Prompt:
Beginning with the line below that contains "Reader's Digesst Condensed" and ending with the line that contains "Round Jade Lucky Red String Weave Bracelet Round", copy every line exactly. Copy nothing else.

::: The data

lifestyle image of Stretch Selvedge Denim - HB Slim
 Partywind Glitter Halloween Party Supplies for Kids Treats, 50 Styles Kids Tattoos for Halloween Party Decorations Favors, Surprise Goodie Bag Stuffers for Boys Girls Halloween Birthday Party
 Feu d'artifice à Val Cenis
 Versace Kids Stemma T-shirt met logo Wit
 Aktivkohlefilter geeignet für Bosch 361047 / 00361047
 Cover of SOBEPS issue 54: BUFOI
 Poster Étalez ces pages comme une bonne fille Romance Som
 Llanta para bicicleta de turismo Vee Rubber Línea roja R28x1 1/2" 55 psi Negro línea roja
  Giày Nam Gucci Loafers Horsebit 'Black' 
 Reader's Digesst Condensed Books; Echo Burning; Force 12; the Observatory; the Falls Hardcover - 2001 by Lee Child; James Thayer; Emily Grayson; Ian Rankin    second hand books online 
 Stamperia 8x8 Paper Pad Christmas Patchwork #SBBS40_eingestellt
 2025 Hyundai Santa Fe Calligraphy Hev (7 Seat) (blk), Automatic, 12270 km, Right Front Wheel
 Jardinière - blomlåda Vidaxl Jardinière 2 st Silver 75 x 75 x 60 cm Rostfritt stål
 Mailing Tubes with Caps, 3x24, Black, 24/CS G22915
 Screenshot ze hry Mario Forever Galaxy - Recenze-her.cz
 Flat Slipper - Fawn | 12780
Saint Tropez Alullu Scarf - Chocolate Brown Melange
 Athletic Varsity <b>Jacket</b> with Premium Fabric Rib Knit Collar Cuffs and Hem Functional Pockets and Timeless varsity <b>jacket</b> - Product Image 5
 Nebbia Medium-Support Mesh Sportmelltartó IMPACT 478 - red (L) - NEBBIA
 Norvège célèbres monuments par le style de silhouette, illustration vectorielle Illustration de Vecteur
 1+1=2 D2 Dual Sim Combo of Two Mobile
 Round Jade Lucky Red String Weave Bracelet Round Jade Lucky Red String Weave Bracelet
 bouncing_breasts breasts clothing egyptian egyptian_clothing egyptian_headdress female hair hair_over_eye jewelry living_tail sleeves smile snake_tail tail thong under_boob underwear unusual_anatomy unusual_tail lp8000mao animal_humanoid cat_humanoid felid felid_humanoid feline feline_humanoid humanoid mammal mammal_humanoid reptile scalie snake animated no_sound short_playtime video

::::::

Written answer:
 Reader's Digesst Condensed Books; Echo Burning; Force 12; the Observatory; the Falls Hardcover - 2001 by Lee Child; James Thayer; Emily Grayson; Ian Rankin    second hand books online 
 Stamperia 8x8 Paper Pad Christmas Patchwork #SBBS40_eingestellt
 2025 Hyundai Santa Fe Calligraphy Hev (7 Seat) (blk), Automatic, 12270 km, Right Front Wheel
 Jardinière - blomlåda Vidaxl Jardinière 2 st Silver 75 x 75 x 60 cm Rostfritt stål
 Mailing Tubes with Caps, 3x24, Black, 24/CS G22915
 Screenshot ze hry Mario Forever Galaxy - Recenze-her.cz
 Flat Slipper - Fawn | 12780
Saint Tropez Alullu Scarf - Chocolate Brown Melange
 Athletic Varsity <b>Jacket</b> with Premium Fabric Rib Knit Collar Cuffs and Hem Functional Pockets and Timeless varsity <b>jacket</b> - Product Image 5
 Nebbia Medium-Support Mesh Sportmelltartó IMPACT 478 - red (L) - NEBBIA
 Norvège célèbres monuments par le style de silhouette, illustration vectorielle Illustration de Vecteur
 1+1=2 D2 Dual Sim Combo of Two Mobile
 Round Jade Lucky Red String Weave Bracelet Round Jade Lucky Red String Weave Bracelet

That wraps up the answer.